6-1 PG 髭剃り(ジレット)のアメリカからインドへの例

 

P&Gのジレットは、アメリカでは80%以上のシェアを誇り、いわゆる先進国での最高品質の髭剃りとして使われていた。同時に、インドでは、ジレットの「マッハ3」など、いわゆるアメリカの低中所得者向けの製品を、別のパッケージで売っていた。しかし、高所得者を除き、インド人のほとんどは二枚刃の剃刀でひげを剃っていたため、アメリカのように受けいれられることはなかった。圧倒的なシェアを持つジレットが成長していくためには、新興国市場を攻略し、この状況を変える必要があった。状況を変えるための戦略として、以下があげられた。

まず、インドにチームを派遣し、顧客調査や小売店、家庭などを訪問し、民族に関しての調査を行った。白紙の状態、つまり先進国の考え方を取り除いた状態で現地を行うことにより、インド人の男性がいかに米国人の男性と違うひげの剃り方をしているかの理解を深めることができた。

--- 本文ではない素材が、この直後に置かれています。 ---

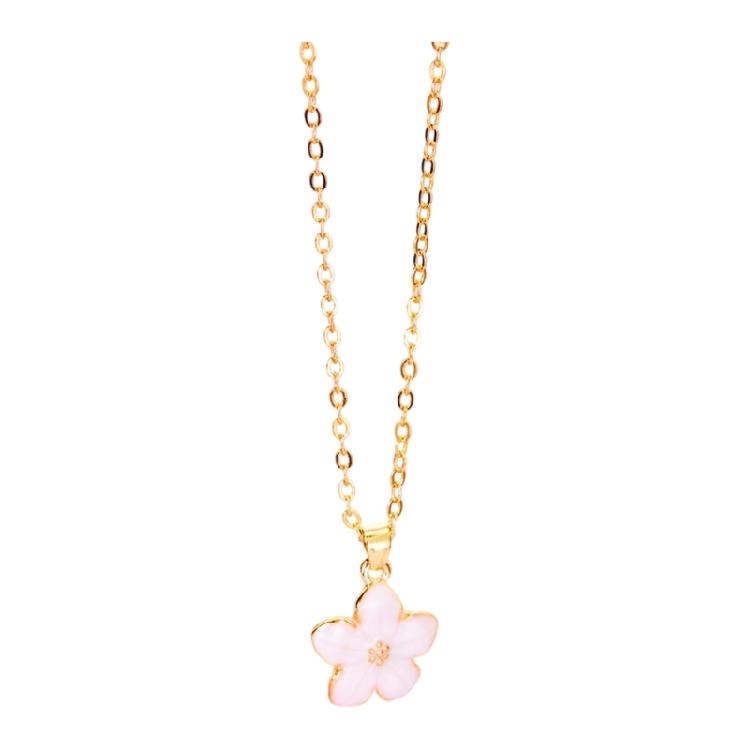 Practical Cherry Flower Necklace Polished Alloy Jewelry Pendant Necklace Perfect for Gifting or Daily Fashion Accessory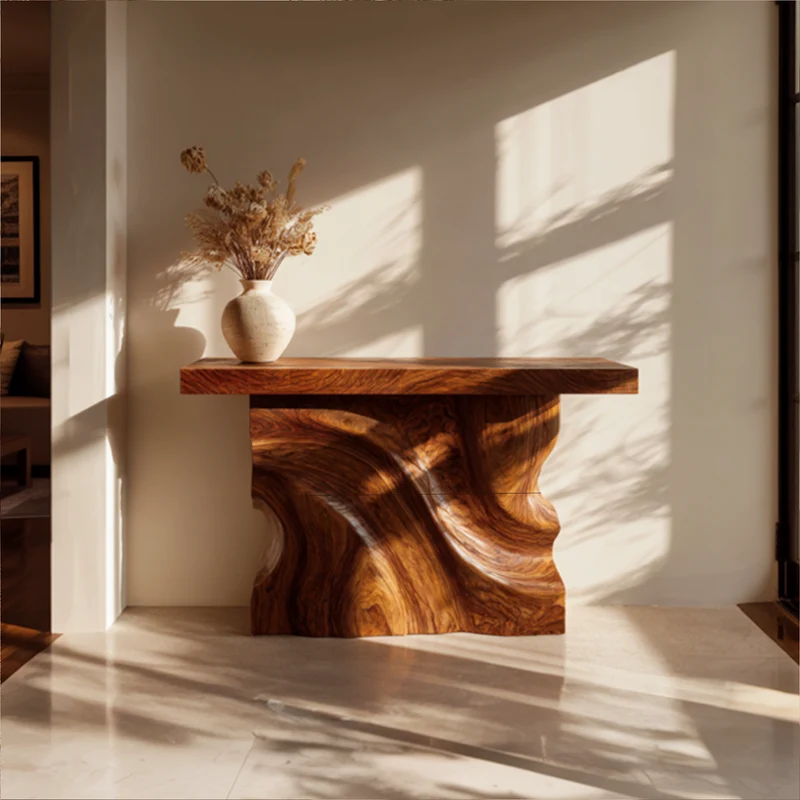 Spry Interior Rustic Solid Wood Console Table, Sculpted Artistic Wave Base, Handcrafted Entryway & Foyer Display Table, SINLKICS405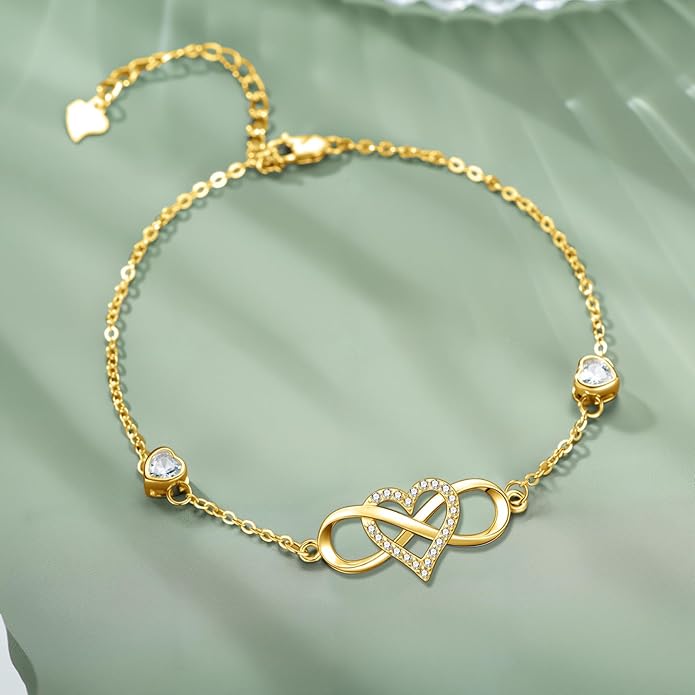 Dorunmo Infinity Bracelet Mom Bracelet 925 Sterling Silver 14K Gold Plated Infinity Heart Anklet for Women Christmas Jewelry Gifts for Wife Mom Daughter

インド人は一般的に価格に敏感だが、それだけではなく、先進国とは全く異なる方法でひげを剃っていたのである。その方法とは、床に座り、少量の水を汲み、薄暗い中で手鏡を使いながら剃る方法である。また、二枚場の剃刀を使うので、切り傷は日常茶飯事であった。たとえ、先進国では奇異と捉えられるやり方でも、彼らにとってはそれが当然であった。

その後、PGはこの考え方と、世界で圧倒的なシェアを誇るデザイン力を駆使し、インドでの消費者の真のニーズを満たす新しい剃刀を一から開発した。その商品は「それなりに良い」性能を持ち、コストを最小化し、また、インドの消費者向けに、切り傷を減らすための工夫を加えた。製造をすべてインドで行い、インドでのビジネスモデルを構築することにより、価格面でも15ルピー(約0.3ドル)の剃刀と5ルピー(役0.1ドル)の替え刃が実現した(この価格は通常の3%以下である)。一方、マーケティングや物流面では、先進国のように圧倒的なシェアを誇る強力な小売業とのみの関係を結ぶのではなく、「キラナ」と呼ばれるインドの個人経営の小売店ネットワークを強化した。広告に関しては、ムンバイの映画産業で活躍する俳優を起用した、現地向けの伝統的な広告戦略を行った。その結果、PGの剃刀シェアは50%を超すこととなった。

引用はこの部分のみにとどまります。